-「竹内文書」の目的はなにか?-

2023/07/31



なぜか若者たちの話題として盛り上がっている有名な古文書がある。最近、特に年号が令和になってからが顕著ではないだろうか。その名を「竹内文書」というのだが、当流の会員、いや会員でなくともこのコラムを見るような人たちならばこの名は知っているだろう。

 

知る人ぞ知る古文書だが、これはコラムの原稿なので前説代わりに概略を記しておこう。

 

竹内文書は当時の新興宗教「天津教」を開いた竹内巨麿という人物が、代々伝わるものと称して昭和10年に公開した文書で、漢字伝来以前に日本にあった「神代文字」がびっしり書き込まれている。その内容は神武天皇以前にウガヤフキアエズ73代の王朝が数千万年も続いていて、その朝廷がある場所は太古世界の中心で、モーゼ、キリスト、マホメット、釈迦、孔子といった聖人がみなそこを目指してやってきたというのがアピールされたコンセプトであった。
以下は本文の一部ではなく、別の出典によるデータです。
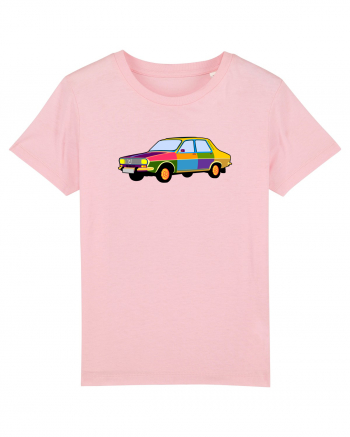 Dacia Cotton Pink
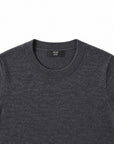 ESSENTIAL SHORT SLEEVE SWEATER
この文書を元にした推奨記事も書かれたようだし、天津教はそれらの信奉者も取り込んであれよあれよと大日本帝国軍部の上層部にまで浸透していった。だが、その記事が皇国史観に反する(記紀と違う)ものであるとして官憲が動き、竹内巨麿はいったん不敬罪で逮捕される。最終的には無罪になったのだが、竹内文書は狩野享吉や橋本進吉ら自称「国語学・古文書の研究における権威」によって徹底的な検証が行われたとされ、近代の語彙が混じっていたことなどを理由に不当に偽作とされた。

 

かくしてこの「古文献」は学界から葬り去られた…かに見えたが、そうカンタンには終わらなかった。学術の世界に関しては、この「文書」の真贋は決着したとされ、その結論を見直そうというのは「地球は本当に丸いかどうか考え直そうというに等しいことである」などと揶揄された。当時の自称権威者たちが描いた筋書きの通り、現代の日本で竹内文書を古代史の「史料」として扱おうとする大学教授は、日本国内にはおそらく一人もいないだろう。それはそうだ、もしそんなことをしたら彼らは職を失うのだから。だがそんな文献にもかかわらず、この「文書」の存在を「真実」とする日本人は、今でも後を絶たない。事実にしか意義を求めない外国人研究者だと、竹内文書の支持者にはけっこうな人数の有力者もおり、中には著名な学者もいる。

 

さて前振りはこんなところで終わりにして、ここからはわたしの見解になるのだが。

 

竹内文書を総評すると「真実:30%/暗号:30%/工作:30%/感情:10%」で構成された、当時の世界観の中で「日本」に必要だと感じられる要素をアピールするための、古文書ベースの執筆物。これが、あれこれと研究し、さらに調査会社まで使って調べてわたしが行きついた結論だ。

 

「古代日本はこんなにすごい国だった」という「物証」があれば、それを信じることで、その末裔である自分たちはなんとなく偉くなったような気がしたのだろう。当時の世界観は「白人至上主義」の真っただ中であり、そこに日本人が(内情はどうであれ)「人種差別反対」を大義に世界と戦っていた時代である。ようするに、竹内文書の目的は、白人至上主義と戦う日本国が自尊心を有するための妙薬を創造することだったのだ。

 

このような事象は、竹内文書ばかりではない。現代社会でも似たようなケースはいくらでも見つかる。「中国は古代から残虐行為を繰り返してきた」「大東亜戦争は聖戦だった」などなど、たくさんある。日本人ばかりではない。中国の一般大衆は「日本の文化はすべて中国の借り物」という「ストーリー」をなんの調査も検証もせず盲目的に信じている者がとても多いし、アメリカの退役軍人のほとんどは原爆投下による被爆地の惨状たる映像をどれだけ見ようと「原爆投下は正しかった」とバカのひとつ覚えのように言ってるのである。

 

わたし自身は「大東亜戦争は聖戦だった」という一面的な考え方にもろ手を挙げての賛同はしていないが、少なくとも日本が戦争に踏み切らなければ、今も世界は白人至上主義がまかり通っていただろうし、日本を除いたアジア圏の国は、そのほとんどが今も欧米植民地のままだろう。この絶対的事実は、日本国として一歩も譲るべきでないと思っている。

 

そして「神心書道」における「竹内文書」の扱いについてだが、わたしは否定派ではない。しかし、その反面では単純な「まる飲み」をするべきでないとも考えている。向学としては、前述の「真実:30%」と「感情:10%」を研究し、その知徳により「暗号:30%」の示す「本質の部分」を読み解くことがおもしろいのである。

 

意欲を感じた人は、ぜひチャレンジしてみてもらいたい。